“Dünya insanlara ait değildir. İnsanlar dünyaya aittir. Bütün herşey, aileyi birbirine bağlayan kan bağı gibi birbirine bağlıdır. Dünyanın başına gelen ne varsa, dünyanın evlatlarının da başına gelir.”
Vandana Shiva, İNADINA CANLI (Sinek Sekiz Yayınevi)
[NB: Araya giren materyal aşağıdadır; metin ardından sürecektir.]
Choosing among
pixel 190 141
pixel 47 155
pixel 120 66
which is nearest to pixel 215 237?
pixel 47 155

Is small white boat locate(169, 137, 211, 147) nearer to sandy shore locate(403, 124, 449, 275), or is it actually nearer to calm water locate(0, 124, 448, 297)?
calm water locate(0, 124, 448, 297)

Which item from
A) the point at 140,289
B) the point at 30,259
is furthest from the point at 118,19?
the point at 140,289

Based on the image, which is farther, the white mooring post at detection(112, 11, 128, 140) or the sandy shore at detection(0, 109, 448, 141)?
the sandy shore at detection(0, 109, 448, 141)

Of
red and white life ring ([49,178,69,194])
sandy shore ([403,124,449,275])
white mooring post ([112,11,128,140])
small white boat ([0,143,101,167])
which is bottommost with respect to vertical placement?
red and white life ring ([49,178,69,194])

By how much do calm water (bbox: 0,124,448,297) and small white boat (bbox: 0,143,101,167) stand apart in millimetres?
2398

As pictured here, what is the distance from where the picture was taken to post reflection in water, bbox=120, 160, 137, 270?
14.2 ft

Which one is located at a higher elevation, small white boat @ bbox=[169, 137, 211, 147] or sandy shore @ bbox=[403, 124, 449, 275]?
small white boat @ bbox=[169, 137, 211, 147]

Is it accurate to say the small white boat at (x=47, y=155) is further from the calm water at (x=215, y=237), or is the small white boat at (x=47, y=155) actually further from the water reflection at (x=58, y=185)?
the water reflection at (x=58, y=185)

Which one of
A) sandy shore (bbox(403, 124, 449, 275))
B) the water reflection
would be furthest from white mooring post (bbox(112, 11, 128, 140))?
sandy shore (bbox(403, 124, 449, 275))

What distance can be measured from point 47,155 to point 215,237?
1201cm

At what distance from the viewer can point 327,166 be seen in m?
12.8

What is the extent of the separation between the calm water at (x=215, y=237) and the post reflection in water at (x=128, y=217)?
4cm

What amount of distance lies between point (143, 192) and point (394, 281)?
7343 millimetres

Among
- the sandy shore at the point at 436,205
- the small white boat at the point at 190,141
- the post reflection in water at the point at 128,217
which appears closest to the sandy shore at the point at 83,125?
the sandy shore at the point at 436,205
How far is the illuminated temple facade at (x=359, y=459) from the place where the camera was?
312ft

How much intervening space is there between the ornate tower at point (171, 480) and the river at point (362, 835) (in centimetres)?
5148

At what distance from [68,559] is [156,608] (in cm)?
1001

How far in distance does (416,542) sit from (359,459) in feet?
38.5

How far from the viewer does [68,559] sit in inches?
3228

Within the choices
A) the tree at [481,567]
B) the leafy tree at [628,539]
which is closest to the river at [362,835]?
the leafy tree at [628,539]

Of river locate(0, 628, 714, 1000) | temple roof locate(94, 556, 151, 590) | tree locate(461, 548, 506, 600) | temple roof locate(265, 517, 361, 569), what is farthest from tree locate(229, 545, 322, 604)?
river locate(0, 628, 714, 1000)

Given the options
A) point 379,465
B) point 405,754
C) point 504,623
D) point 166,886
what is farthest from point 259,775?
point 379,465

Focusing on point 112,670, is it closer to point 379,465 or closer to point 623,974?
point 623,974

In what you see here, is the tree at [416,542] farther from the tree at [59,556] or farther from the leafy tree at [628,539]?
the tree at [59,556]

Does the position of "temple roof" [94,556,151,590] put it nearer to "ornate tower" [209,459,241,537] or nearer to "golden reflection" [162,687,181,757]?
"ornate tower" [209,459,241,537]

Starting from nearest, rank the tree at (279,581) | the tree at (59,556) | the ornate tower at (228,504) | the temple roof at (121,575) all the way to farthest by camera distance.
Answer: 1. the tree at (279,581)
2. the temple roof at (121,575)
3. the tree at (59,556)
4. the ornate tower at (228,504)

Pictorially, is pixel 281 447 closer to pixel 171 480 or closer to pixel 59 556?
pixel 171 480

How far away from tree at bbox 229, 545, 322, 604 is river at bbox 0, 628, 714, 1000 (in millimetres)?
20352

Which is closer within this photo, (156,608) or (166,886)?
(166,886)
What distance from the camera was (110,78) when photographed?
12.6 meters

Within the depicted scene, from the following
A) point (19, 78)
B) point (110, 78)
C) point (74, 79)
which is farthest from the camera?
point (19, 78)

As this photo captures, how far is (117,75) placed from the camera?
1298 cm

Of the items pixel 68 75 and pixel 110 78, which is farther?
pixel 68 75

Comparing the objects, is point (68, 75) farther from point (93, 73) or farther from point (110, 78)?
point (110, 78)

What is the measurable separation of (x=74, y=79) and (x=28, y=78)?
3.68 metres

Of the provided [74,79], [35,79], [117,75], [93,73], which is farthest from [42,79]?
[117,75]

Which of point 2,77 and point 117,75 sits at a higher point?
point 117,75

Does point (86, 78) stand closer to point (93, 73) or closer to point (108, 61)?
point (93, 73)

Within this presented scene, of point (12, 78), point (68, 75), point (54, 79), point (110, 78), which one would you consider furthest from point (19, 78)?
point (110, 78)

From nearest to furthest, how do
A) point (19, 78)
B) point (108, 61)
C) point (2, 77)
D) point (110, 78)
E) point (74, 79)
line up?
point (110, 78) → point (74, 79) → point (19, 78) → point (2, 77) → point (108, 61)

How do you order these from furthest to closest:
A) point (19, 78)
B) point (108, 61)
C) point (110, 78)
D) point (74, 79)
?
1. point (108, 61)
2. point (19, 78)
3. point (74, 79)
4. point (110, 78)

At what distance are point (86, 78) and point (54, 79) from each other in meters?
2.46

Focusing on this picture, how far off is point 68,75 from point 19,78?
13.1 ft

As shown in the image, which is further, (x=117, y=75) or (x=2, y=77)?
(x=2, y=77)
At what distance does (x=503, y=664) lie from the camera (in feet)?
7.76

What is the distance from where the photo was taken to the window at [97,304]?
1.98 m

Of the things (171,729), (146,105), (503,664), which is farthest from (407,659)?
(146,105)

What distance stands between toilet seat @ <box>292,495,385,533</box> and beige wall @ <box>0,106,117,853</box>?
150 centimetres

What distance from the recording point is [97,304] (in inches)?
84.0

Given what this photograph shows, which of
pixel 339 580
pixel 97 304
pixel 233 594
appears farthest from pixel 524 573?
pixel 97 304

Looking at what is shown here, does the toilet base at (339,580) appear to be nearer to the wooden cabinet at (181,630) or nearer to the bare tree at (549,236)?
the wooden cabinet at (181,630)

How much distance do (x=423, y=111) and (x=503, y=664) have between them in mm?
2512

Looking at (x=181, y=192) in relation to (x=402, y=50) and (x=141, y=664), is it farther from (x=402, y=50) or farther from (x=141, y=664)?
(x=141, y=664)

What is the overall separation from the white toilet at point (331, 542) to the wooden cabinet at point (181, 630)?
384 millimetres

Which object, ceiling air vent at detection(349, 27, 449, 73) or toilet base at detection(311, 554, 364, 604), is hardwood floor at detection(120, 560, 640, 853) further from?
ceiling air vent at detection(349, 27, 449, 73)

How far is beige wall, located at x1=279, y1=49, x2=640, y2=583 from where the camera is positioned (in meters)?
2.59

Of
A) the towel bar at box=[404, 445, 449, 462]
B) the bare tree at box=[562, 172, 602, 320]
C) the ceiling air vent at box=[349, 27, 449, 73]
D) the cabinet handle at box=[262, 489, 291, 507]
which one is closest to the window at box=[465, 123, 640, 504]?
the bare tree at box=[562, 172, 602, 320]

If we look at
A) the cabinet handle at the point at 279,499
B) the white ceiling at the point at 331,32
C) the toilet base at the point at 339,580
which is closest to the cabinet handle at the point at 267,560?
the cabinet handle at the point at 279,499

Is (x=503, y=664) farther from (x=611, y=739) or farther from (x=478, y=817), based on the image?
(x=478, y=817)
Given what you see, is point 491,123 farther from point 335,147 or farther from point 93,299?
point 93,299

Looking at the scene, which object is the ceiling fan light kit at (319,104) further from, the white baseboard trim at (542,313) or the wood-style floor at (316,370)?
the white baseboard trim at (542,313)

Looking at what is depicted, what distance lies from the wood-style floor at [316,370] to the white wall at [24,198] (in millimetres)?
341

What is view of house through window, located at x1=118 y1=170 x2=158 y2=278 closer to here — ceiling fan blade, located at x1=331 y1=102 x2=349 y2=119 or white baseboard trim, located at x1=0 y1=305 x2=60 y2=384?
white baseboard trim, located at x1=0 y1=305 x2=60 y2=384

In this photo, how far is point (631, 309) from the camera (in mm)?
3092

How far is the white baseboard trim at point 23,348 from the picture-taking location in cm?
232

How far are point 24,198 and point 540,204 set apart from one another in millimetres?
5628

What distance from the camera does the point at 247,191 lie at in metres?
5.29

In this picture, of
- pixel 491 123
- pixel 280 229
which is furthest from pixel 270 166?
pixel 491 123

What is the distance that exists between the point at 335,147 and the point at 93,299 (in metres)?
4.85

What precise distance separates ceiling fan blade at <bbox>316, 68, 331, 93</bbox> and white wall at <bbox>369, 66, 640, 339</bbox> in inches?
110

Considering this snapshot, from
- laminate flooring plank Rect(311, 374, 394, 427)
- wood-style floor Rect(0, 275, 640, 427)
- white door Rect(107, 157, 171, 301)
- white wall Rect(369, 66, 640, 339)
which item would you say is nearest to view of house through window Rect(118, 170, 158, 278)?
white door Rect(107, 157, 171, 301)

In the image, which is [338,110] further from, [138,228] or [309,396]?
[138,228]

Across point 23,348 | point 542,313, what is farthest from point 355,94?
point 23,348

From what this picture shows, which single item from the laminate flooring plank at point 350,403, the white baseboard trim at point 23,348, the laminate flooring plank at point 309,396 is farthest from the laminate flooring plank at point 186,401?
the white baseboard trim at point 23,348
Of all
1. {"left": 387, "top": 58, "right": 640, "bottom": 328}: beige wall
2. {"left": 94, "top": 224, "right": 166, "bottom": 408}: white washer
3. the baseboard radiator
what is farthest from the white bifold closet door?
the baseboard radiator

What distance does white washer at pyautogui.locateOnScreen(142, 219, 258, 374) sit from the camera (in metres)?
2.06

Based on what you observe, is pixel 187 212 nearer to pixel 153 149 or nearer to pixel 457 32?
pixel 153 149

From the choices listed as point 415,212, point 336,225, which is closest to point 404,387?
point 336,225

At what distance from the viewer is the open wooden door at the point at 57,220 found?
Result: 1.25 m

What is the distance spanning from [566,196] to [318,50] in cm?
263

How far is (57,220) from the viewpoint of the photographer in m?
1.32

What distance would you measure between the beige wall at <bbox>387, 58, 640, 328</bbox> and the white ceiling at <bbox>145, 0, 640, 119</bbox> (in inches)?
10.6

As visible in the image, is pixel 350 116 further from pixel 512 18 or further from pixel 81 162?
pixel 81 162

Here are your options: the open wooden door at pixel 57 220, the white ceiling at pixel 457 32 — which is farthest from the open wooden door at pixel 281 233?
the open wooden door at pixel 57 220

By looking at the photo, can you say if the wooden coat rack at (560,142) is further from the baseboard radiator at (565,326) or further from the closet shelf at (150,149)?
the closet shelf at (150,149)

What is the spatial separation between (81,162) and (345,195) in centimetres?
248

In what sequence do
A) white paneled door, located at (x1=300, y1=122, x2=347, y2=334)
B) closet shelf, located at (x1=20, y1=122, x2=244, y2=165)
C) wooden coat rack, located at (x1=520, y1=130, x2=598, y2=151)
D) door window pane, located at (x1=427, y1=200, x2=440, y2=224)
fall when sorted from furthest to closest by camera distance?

Doğada birimiz hepimiz, hepimiz birimiz için varız. Trophic cascade denen bir olgu var: Belli bir bölgede besin zincirinin en üst halkasında meydana gelen bir değişiklik sonucu, tüm besin zinciri, hatta bölgedeki flora ve coğrafi oluşumlar bile değişime uğrayabiliyor…
George Monbiot, aşağıdaki videolarda, 70 yıl aradan sonra 1995’te ABD’deki Yellowstone Milli Parkı’na geri getirilen kurtların yarattığı domino etkisinden ve nihayetinde derelerin akışının bile değiştiğinden söz ediyor. İki videonun metni aynı; birinde TED konuşmasının kendisi, diğerinde aynı konuşmanın görüntülerle desteklenmiş hali var…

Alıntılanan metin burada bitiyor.